FDA retaining oversight of genetically modified animals for therapeutics will reassure the public

The Trump administration’s decision to relax oversight of genetically modified (GM) animals for food prioritizes big businesses and the livestock industry, while overriding FDA scientists in decisions around GM animal use, says GlobalData, a leading data and analytics company.

As oversight of GM animals for food will move from the FDA to the USDA due to last-day changes by former President Donald Trump’s administration, it is unclear whether President Biden’s administration or the FDA commissioner to be nominated will support these regulatory changes to agricultural biotechnology. The FDA, however, retains oversight of gene editing intended for any purpose other than agricultural use, including Bio/pharma and gene therapies.

Keshalini Sabaratnam, PhD, Analyst, Drugs Database at GlobalData, comments: “GM animals are in development for many potential uses in Bio/pharma, including for pharmaceutical drug production, as research models of human disease, and in xenotransplantation to make cells, tissues, or organs for transplantation into humans. With new gene-editing techniques such as CRISPR-Cas9 making genetic engineering faster and cheaper, Transgenic animals offer the potential to make manufacturing of complex therapeutic proteins cheaper.

“Despite these advantages, progress in the field has been slow due to public concerns over GM animals, including the safety of products derived from these animals. It is therefore reassuring that the FDA will retain oversight of GM animals used for production of therapeutic products, amid the proposed transfer of regulatory power over certain gene-edited animals.”

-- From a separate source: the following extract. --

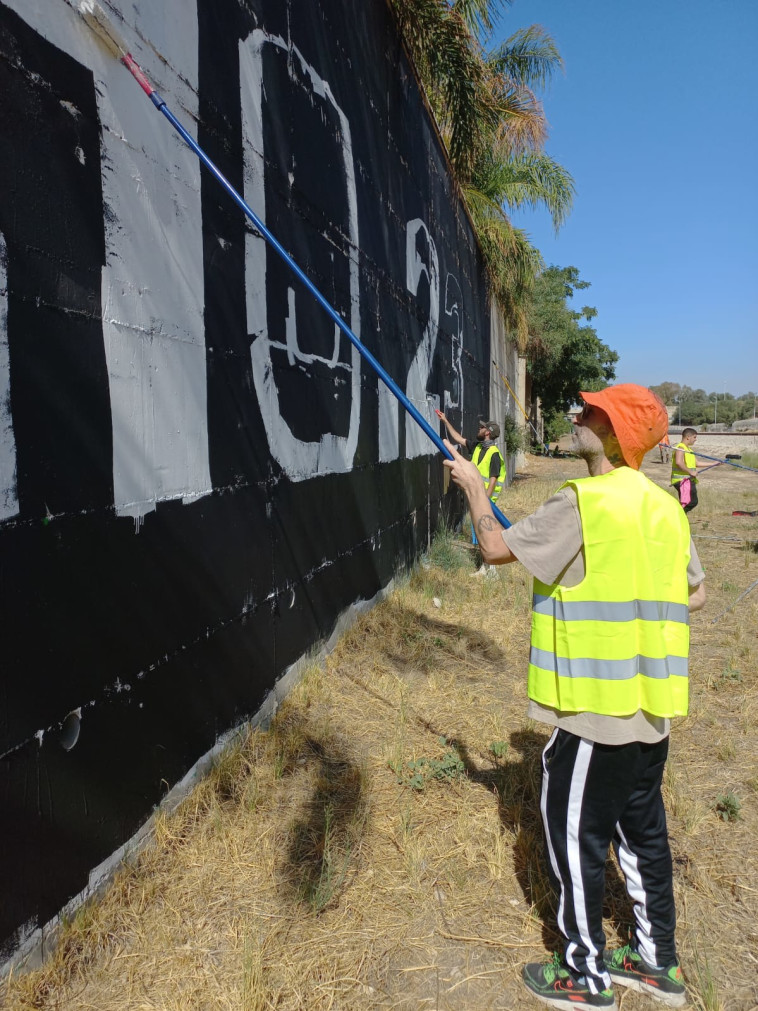 כתובת הגרפיטי הגדולה בישראל צוירה בקריית מוצקין על קיר אקוסטי (צילום: מורדי אלון)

Several therapeutic recombinant biologic drugs are produced in transgenic (GM) animal expression systems, including four marketed drugs (antithrombin [recombinant], conestat alfa, sebelipase alfa, coagulation factor VIIa [recombinant]).

In 2015, the FDA approved Alexion Pharmaceuticals’ sebelipase alfa, produced in the egg whites of GM chickens, for a rare genetic disease known as lysosomal acid lipase (LAL) deficiency. In 2019, the FDA’s Center for Veterinary Medicine (CVM) approved a GM rabbit that produces the active ingredient of LFB’s coagulation factor VIIa (recombinant). The therapeutic was approved in 2020 for the treatment and control of bleeding episodes occurring in adults and adolescents with hemophilia A or B with inhibitors.